La pregunta de los discípulos refleja la vieja y supersticiosa creencia de que los dioses o los demonios castigaban airadamente a los seres humanos que osaban fastidiarlos, infringir sus tabúes, caprichos o prescripciones. Para el hombre primitivo, todo mal, todo fracaso, toda desdicha, se debía a algún mal paso dado frente a alguna divinidad y que habría a ésta importunado. Cuando las cosas andaban mal en las tribus, familias o sociedades, había que buscar al menos un culpable dentro de ellas que fuera la ocasión del enojo de los dioses. Dicho resentimiento debía aplacarse mediante ofrendas, sacrificios, súplicas, conjuros. A veces, mediante el castigo, o destierro, o ajusticiamiento liso y llano, del supuesto culpable. Eso haría que las cosas retornaran a la normalidad, las pestes se alejaran, las lluvias volvieran a irrigar los campos, las enfermedades y peligros cedieran...
El pueblo de Israel fue superando poco a poco -aunque solo en parte-, esta concepción: el favor de Dios -el único Dios- ya no dependió mayormente de una supuesta sumisión a prescripciones caprichosas, tabúes, leyes de pureza, cambios de humor divino, sino, antes que nada, de la sumisión del hombre a una ética, a una moral, que, en primer lugar, favorecía no a Dios sino al mismo hombre en su vida personal y social. Así Israel unió, por primera vez en la historia, de modo claro, lo ético y lo religioso. Y lo ético, como sabemos, fue plasmado de modo sintético y genial, allá por la época del exilio, en los famosos diez mandamientos.
Sin embargo continuaba vigente la concepción de que era Dios mismo quien, frente a la violación de sus mandamientos, iracundo y ofendido, castigaba a los culpables. Peor: era capaz de escarmentar a la sociedad que, a lo mejor sin saberlo, los albergaba. -Piensen en Jonás , comprometiendo con su desobediencia la suerte de todos los tripulantes de su nave. Finalmente hay que echarlo al mar para que se salve el barco-. Incluso Dios podía vengarse ¡en los descendientes del infractor! Recuerden la famosa frase bíblica " Yo el Señor, soy un Dios celoso: castigo la culpa de los padres en los hijos, hasta la tercera y cuarta generación " (Ex 20,5). (Piénsese, subsistente aún entre nosotros, en la tradición catequística del pecado de Adán y de Eva que, hipotéticamente, sería castigado por Dios en todos su descendientes.)

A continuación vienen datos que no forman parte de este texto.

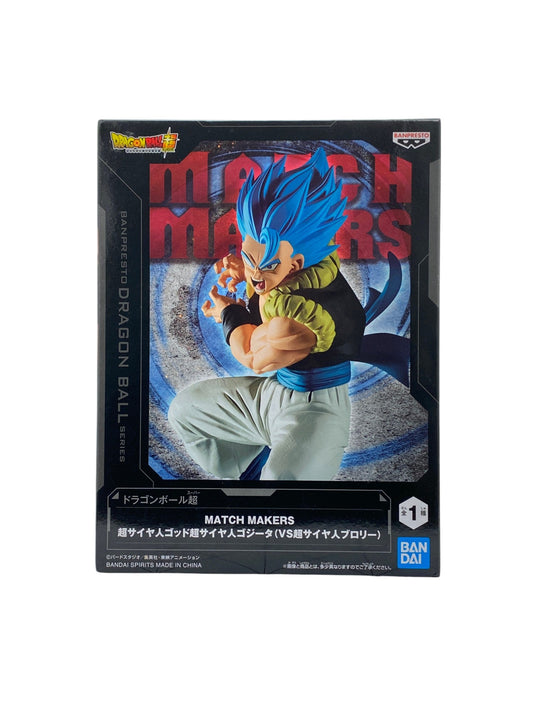DRAGON BALL / GOGETA(SAIYAN GOD) / Prize / MATCH MAKERS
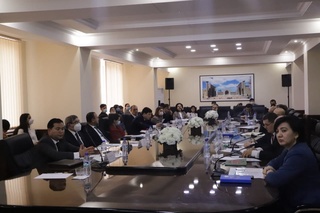 ШҲТ доирасида кўп томонлама алоқаларни мустаҳкамлаш – ҳамкорликнинг муҳим йўналиши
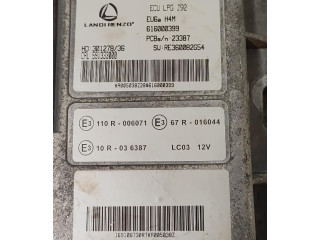 Блок управления двигателя 616000399 Dacia Lodgy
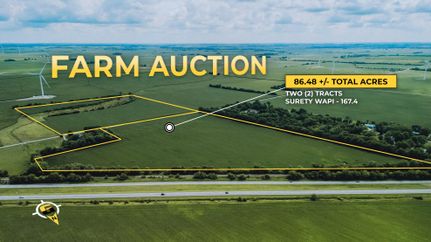 Farm and Ranch in Benton County, Indiana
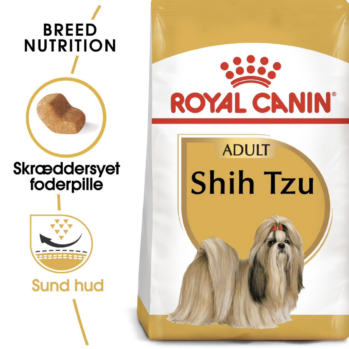 Royal Canin Shih Tzu voksen 7,5 kg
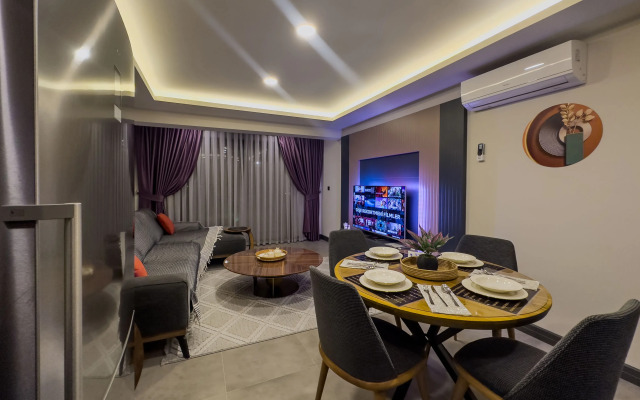 Belek 07 Luxury  Suites Only For Family Villa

De allí que, entre los judíos -salvo algunos sabios como el que escribió el libro de Job, perplejo ante los sufrimientos de los inocentes- era una verdad adquirida el que quien estaba aquejado por algún mal, enfermedad o desdicha, sufría por su pecados o por los de sus padres, era un pecador. Algunos rabinos llegaban a sostener que esos infortunios podían ser, incluso, consecuencia de algún pecado cometido antes de nacer, en el vientre de la madre. Por eso la pregunta a Jesús sobre si el pecado era del ciego o de sus padres.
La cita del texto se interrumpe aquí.